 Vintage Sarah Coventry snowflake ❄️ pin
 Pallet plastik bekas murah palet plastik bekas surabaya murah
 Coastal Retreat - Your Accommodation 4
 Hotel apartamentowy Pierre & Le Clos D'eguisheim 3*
---
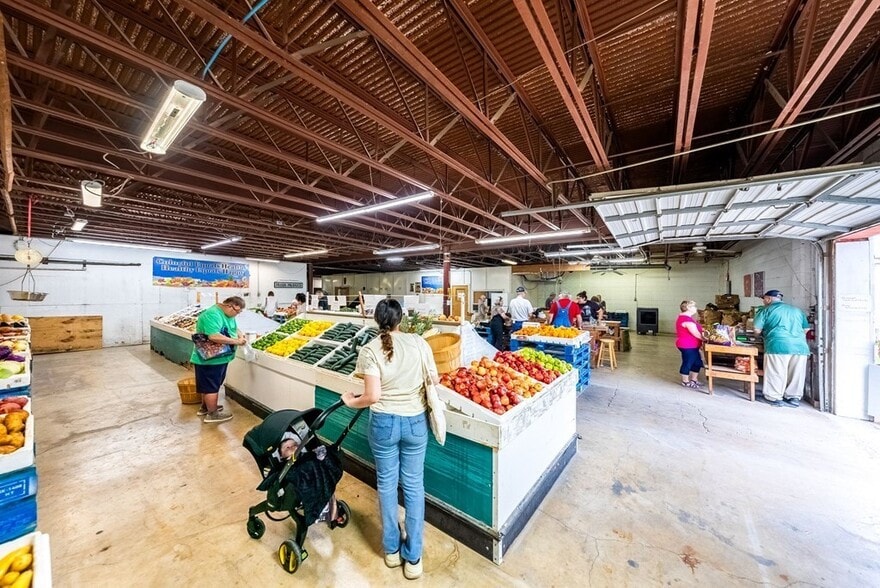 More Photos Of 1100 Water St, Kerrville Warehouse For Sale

Instructions to follow
Where the listing above has a line with "Pallet plastik bekas", start there, and output every line exactly through the line with "Hotel apartamentowy Pierre", which is also included.

Response below
 Pallet plastik bekas murah palet plastik bekas surabaya murah
 Coastal Retreat - Your Accommodation 4
 Hotel apartamentowy Pierre & Le Clos D'eguisheim 3*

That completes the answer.